╔══

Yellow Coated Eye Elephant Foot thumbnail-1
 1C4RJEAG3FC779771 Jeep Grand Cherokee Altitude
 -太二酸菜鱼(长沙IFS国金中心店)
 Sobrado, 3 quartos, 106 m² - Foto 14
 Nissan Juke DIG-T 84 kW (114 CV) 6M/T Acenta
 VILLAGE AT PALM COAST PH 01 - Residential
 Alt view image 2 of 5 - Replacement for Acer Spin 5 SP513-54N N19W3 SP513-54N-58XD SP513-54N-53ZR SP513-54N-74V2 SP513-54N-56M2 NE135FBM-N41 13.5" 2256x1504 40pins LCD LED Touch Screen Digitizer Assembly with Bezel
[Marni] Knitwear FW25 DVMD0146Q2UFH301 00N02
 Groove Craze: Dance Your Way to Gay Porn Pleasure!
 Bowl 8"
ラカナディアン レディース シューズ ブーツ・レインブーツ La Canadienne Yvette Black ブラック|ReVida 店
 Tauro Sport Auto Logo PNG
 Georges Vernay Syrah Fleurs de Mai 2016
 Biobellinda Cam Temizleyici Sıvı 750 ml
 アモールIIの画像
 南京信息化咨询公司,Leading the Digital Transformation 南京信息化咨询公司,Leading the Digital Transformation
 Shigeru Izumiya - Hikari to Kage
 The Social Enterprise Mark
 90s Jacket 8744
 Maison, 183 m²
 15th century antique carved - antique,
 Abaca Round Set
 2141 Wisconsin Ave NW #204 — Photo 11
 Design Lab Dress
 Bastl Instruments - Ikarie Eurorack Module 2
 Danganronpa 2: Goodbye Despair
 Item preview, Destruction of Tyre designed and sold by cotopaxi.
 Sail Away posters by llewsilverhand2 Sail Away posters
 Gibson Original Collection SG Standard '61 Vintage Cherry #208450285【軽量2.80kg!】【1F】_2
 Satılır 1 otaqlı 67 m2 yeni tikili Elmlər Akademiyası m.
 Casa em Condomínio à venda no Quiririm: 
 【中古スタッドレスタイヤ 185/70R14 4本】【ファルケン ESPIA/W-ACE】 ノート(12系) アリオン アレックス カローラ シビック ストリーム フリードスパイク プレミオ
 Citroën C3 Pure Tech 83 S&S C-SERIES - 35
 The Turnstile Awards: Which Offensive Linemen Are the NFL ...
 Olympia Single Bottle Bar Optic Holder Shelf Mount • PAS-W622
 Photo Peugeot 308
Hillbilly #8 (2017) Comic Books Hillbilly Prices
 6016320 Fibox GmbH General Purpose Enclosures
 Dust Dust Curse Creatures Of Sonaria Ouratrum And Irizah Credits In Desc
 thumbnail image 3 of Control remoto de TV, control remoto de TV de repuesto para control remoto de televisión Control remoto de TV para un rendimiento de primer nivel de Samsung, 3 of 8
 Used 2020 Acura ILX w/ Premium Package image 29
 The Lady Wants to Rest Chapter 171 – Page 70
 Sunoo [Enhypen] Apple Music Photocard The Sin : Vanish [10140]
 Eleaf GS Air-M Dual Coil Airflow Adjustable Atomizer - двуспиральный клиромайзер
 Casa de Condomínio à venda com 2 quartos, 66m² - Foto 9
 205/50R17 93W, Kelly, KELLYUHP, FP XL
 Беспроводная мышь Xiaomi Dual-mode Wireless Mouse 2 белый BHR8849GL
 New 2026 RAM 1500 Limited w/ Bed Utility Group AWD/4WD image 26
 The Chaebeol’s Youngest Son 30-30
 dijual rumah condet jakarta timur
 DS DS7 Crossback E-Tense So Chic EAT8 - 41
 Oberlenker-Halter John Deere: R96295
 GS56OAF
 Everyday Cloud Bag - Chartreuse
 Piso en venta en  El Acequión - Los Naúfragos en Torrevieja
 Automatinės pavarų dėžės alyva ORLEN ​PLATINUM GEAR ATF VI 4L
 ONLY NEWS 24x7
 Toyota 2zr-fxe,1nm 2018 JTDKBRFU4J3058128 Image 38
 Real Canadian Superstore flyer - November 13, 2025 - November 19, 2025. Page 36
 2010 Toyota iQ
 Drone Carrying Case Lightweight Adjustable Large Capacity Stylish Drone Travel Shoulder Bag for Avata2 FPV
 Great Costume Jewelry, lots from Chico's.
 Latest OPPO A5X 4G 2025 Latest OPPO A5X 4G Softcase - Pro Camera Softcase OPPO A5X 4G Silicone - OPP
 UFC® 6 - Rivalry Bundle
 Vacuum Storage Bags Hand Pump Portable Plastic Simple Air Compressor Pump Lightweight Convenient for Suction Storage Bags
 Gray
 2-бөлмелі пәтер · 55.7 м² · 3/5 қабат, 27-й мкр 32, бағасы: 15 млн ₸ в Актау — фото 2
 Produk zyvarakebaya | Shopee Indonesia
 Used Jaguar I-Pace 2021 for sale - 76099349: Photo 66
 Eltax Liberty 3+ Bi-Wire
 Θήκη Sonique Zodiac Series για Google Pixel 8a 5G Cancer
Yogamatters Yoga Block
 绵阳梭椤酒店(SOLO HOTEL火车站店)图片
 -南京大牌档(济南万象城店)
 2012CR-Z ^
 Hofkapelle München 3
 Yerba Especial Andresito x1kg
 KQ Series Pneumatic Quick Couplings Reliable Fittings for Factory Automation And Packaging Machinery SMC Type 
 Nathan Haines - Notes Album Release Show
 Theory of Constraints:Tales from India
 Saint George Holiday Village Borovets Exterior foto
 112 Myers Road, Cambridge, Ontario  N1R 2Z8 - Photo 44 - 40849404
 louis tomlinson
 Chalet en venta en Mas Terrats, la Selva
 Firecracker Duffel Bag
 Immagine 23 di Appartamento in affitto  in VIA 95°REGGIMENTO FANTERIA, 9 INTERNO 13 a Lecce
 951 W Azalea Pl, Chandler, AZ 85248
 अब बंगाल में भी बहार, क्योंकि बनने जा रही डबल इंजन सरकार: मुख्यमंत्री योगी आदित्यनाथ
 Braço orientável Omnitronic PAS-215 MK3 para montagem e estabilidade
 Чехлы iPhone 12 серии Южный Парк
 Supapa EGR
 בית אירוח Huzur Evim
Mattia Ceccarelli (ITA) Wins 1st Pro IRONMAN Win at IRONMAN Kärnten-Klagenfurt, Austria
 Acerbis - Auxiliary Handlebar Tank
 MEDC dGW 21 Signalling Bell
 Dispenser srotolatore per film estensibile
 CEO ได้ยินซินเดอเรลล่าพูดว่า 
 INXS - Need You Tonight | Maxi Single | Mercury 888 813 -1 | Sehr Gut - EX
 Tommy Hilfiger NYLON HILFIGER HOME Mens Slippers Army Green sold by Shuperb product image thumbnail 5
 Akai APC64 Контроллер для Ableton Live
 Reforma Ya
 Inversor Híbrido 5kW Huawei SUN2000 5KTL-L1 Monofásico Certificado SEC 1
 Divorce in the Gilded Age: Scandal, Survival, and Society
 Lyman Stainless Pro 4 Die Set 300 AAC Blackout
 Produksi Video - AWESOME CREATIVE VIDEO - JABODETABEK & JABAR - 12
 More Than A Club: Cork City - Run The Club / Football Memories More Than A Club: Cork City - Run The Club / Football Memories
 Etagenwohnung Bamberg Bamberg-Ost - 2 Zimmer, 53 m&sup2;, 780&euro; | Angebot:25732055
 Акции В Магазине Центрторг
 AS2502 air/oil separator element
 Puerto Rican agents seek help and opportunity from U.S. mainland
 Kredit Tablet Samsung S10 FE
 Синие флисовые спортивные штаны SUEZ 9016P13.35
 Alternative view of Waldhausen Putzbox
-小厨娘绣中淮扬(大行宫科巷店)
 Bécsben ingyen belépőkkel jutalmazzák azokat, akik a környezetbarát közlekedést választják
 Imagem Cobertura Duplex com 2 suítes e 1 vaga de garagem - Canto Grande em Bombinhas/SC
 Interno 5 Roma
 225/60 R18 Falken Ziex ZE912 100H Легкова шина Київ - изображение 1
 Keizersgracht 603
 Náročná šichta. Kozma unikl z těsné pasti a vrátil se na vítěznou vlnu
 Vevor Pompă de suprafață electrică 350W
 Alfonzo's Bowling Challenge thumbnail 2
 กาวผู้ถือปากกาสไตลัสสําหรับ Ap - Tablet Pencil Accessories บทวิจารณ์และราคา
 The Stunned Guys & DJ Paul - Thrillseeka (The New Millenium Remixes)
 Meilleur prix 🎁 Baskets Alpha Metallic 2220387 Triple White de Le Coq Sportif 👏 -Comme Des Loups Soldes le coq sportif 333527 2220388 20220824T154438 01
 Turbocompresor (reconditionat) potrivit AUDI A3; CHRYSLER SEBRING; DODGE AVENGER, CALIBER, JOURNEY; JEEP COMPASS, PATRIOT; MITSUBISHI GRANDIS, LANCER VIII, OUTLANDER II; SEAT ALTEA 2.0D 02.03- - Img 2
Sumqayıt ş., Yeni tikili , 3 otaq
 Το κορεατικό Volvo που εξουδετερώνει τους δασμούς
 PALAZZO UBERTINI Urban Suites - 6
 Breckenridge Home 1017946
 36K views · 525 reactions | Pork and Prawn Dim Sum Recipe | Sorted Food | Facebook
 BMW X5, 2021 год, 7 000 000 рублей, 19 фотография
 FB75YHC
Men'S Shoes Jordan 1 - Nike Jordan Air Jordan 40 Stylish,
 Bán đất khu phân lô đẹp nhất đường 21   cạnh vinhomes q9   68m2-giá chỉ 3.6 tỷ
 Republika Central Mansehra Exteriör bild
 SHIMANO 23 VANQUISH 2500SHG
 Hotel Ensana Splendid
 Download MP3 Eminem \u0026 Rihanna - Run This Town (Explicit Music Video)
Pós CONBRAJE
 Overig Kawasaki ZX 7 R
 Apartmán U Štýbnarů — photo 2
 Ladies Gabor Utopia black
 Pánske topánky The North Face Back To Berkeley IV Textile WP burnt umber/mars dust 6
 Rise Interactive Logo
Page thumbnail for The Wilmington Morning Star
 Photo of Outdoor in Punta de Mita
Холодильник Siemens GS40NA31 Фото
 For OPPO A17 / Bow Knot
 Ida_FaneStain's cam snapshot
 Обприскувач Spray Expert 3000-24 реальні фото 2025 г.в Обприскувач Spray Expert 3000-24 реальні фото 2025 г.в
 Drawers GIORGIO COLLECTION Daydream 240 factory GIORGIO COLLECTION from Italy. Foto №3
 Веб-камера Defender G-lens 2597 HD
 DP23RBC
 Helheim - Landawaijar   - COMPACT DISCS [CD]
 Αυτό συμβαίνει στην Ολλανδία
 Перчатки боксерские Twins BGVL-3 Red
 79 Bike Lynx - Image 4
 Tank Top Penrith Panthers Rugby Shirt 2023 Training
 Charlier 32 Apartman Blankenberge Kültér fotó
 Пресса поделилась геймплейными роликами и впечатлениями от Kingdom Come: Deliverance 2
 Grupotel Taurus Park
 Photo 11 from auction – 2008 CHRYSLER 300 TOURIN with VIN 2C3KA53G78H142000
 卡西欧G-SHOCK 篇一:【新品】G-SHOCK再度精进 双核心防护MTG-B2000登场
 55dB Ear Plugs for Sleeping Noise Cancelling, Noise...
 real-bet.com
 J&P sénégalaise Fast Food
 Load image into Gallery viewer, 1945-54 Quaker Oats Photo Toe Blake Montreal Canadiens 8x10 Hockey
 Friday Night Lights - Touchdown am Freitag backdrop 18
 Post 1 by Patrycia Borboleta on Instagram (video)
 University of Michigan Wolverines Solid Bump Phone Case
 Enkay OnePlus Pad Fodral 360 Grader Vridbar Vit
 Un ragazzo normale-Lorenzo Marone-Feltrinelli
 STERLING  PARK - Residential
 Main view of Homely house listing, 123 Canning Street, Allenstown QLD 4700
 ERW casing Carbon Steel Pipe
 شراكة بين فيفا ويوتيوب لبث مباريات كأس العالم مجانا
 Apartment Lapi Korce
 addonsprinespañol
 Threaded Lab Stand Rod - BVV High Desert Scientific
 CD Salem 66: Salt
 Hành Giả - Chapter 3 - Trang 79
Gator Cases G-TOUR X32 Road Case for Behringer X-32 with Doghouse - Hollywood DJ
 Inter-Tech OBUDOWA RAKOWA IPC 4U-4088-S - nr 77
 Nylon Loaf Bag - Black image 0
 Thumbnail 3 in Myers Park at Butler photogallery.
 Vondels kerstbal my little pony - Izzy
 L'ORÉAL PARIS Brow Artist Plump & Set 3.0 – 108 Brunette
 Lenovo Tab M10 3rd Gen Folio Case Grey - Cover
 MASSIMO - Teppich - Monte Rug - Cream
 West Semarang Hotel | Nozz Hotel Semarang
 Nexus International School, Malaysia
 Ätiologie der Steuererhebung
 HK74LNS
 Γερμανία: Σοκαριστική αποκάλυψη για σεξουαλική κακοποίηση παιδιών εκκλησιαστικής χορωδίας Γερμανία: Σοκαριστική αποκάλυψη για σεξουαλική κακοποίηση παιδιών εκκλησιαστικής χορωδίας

╚══

Set down precisely the lines above between the line holding "2012CR-Z ^" and the line holding "Produksi Video - AWESOME", inclusive, and nothing beyond them.

 2012CR-Z ^
 Hofkapelle München 3
 Yerba Especial Andresito x1kg
 KQ Series Pneumatic Quick Couplings Reliable Fittings for Factory Automation And Packaging Machinery SMC Type 
 Nathan Haines - Notes Album Release Show
 Theory of Constraints:Tales from India
 Saint George Holiday Village Borovets Exterior foto
 112 Myers Road, Cambridge, Ontario  N1R 2Z8 - Photo 44 - 40849404
 louis tomlinson
 Chalet en venta en Mas Terrats, la Selva
 Firecracker Duffel Bag
 Immagine 23 di Appartamento in affitto  in VIA 95°REGGIMENTO FANTERIA, 9 INTERNO 13 a Lecce
 951 W Azalea Pl, Chandler, AZ 85248
 अब बंगाल में भी बहार, क्योंकि बनने जा रही डबल इंजन सरकार: मुख्यमंत्री योगी आदित्यनाथ
 Braço orientável Omnitronic PAS-215 MK3 para montagem e estabilidade
 Чехлы iPhone 12 серии Южный Парк
 Supapa EGR
 בית אירוח Huzur Evim
Mattia Ceccarelli (ITA) Wins 1st Pro IRONMAN Win at IRONMAN Kärnten-Klagenfurt, Austria
 Acerbis - Auxiliary Handlebar Tank
 MEDC dGW 21 Signalling Bell
 Dispenser srotolatore per film estensibile
 CEO ได้ยินซินเดอเรลล่าพูดว่า 
 INXS - Need You Tonight | Maxi Single | Mercury 888 813 -1 | Sehr Gut - EX
 Tommy Hilfiger NYLON HILFIGER HOME Mens Slippers Army Green sold by Shuperb product image thumbnail 5
 Akai APC64 Контроллер для Ableton Live
 Reforma Ya
 Inversor Híbrido 5kW Huawei SUN2000 5KTL-L1 Monofásico Certificado SEC 1
 Divorce in the Gilded Age: Scandal, Survival, and Society
 Lyman Stainless Pro 4 Die Set 300 AAC Blackout
 Produksi Video - AWESOME CREATIVE VIDEO - JABODETABEK & JABAR - 12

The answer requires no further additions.